Submitted by Daniel A. Freeman on February 12, 2009 - 1:01pm
It may not be Earth day yet, but there has been some environmental discussion in the library world lately. The excitement over the unveiling of Kindle 2.0 has led to a lot of discussion about e-readers as the green alternative to paper-based reading. I enjoyed this piece from the Huffington Post (Hat Tip: LISNews).
February's issue of Smart Libraries Newsletter will contain an article by Tom Peters called "How Green is my Library?". According to Tom:
Some libraries are trying to thrive as organizations without having a physical building, but that’s still rare—the overwhelming majority of libraries function primarily from an actual building. When it’s time to replace one of those buildings, or to renovate or add on to an existing building, that’s a green opportunity. The harvesting, extracting, manufacturing, and transportation processes behind the materials used in the building, as well as the building process itself, all have an impact on the overall greenness of the building project.

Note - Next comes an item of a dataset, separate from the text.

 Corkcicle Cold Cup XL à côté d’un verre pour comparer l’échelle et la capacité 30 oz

The cost and environmental friendliness of operating the building is another system loaded with green opportunities. HVAC (heating, ventilating, and air-conditioning) systems come into play here, as well as lighting and overall energy use. When thinking about energy use, you will need to consider everything, not just the computers. Photocopiers, the refrigerator in the staff lounge, energy usage by appliances brought into the library by patrons, and all other energy consumption needs must be considered.
This got me thinking--will 2009 be a green year for libraries? It seems like the economic crisis may affect this in two opposite ways. In a sense, many libraries will have no choice but to go green in order to save money. A strained budget is likely to force librarians to reduce their consumption of paper, try to cut costs on heating, electricity and water, and thus lower the library's carbon footprint. So, at the micro level, the economic crisis will spur library environmentalism.

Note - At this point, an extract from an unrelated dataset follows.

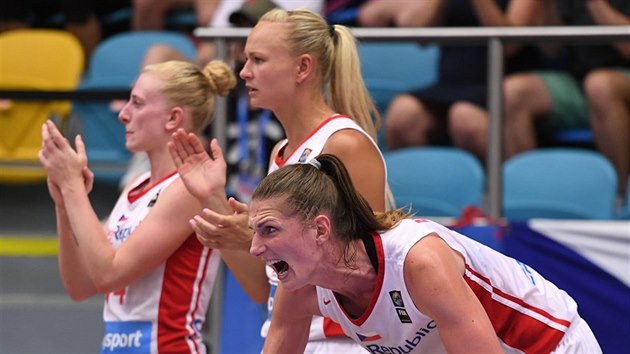 České basketbalistky Petra Záplatová, Michaela Stejskalová a Ilona Burgrová z lavičky podporují spoluhráčky.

At the macro level, on the other hand, this crisis may not be so green. While saving paper and lowering the heating costs are short-term sources of financial relief, big-picture green overhauls of library infrastructure usually require a significant up-front investment. If you want to start planning a new, eco-friendly library building, renovate your HVAC system or install solar panels on the roof, 2009 may not be your year.
Of course, no matter what your budget situation is, there are always things that you can do to make your library greener. During our coverage of Midwinter, I neglected to link to this awesome post from the blog Going Green @ Your Library, which provides a "green summary" of the conference. Going Green @ Your Library is an awesome place to get information and find resources on how to green up your library.